En el sureste mexicano, oculto entre la vegetación tropical de Tabasco y muy cerca del caudaloso río Usumacinta, se encuentra uno de los secretos mejor guardados de la civilización maya: la Zona Arqueológica Pomoná. Este sitio, poco conocido en comparación con otras ciudades del periodo Clásico Tardío como Palenque o Yaxchilán, ofrece una experiencia única donde confluyen historia, paisaje y espiritualidad ancestral.
Pomoná, cuyo nombre original fue Pakbul, floreció entre los años 600 y 900 d.C. y fue una ciudad estratégicamente situada para facilitar el comercio y las alianzas políticas entre distintas urbes mayas. Su posición privilegiada, entre la costa y la montaña, y su cercanía al río Usumacinta la convirtieron en un nodo vital de comunicación e intercambio de productos, saberes y poder. A pesar de no alcanzar el tamaño de sus aliadas o rivales, su arquitectura refinada, la calidad de sus relieves y las inscripciones halladas en piedra revelan una ciudad sofisticada y culturalmente influyente.
Durante su época de esplendor, Pomoná sostuvo relaciones con ciudades como Palenque y Piedras Negras, aunque también enfrentó conflictos. Uno de los episodios más significativos de su historia ocurrió en el año 790 d.C., cuando fue derrotada por Piedras Negras, un evento que marcó su declive. Sin embargo, sus monumentos aún narran con firmeza la historia de sus gobernantes y de un pueblo que supo dominar su entorno y construir una identidad propia.
Actualmente, la zona arqueológica muestra una fracción del antiguo esplendor de Pomoná. El conjunto principal, abierto al público, se compone de una plaza rectangular flanqueada por trece edificios ceremoniales, entre los cuales destaca el Templo IV, adornado con relieves que representan al dios solar Kin. La arquitectura, hecha con roca caliza traída desde varios kilómetros de distancia, evidencia el nivel de organización que tenía esta ciudad.
El pequeño pero valioso Museo de Sitio complementa el recorrido. Construido al estilo de una casa tradicional tabasqueña, el museo alberga más de 120 piezas, entre ellas la famosa «lápida del escriba», bustos, cuchillos ceremoniales, máscaras y figuras rituales que permiten conocer tanto la vida cotidiana como las creencias religiosas de los antiguos habitantes.

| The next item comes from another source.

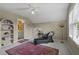 Bedroom with sitting area and en suite bathroom featuring an ornate rug and decor at 3902 Butterstream Way, Kennesaw, GA 30144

Pero Pomoná no solo es un sitio de interés arqueológico. Su entorno natural lo hace aún más especial. Durante la visita, es común escuchar a los monos saraguatos y observar aves de colores intensos surcando el cielo. La selva que rodea las ruinas está viva, y el contacto directo con la flora y fauna convierte la visita en una experiencia sensorial que vincula el presente con el pasado.
Además, la región cuenta con otros vestigios mayas como San Claudio y Panhalé, este último todavía en fase de investigación. El área también ofrece actividades como senderismo, pesca deportiva y gastronomía local a base de ingredientes frescos del campo y el río, lo que convierte el viaje en una experiencia completa para quienes aman la historia y la naturaleza.
Para llegar a Pomoná desde Villahermosa, se toma la carretera 186 rumbo a Escárcega, desviándose hacia Emiliano Zapata y luego a Tenosique. A unos 45 kilómetros se encuentra la entrada señalizada del sitio arqueológico. El recorrido toma unas tres horas, pero cada minuto del viaje se justifica al descubrir este rincón maya tan imponente como poco explorado.
Pomoná es más que ruinas; es una cápsula del tiempo donde las piedras hablan, el viento recuerda y la selva custodia los secretos de una civilización extraordinaria.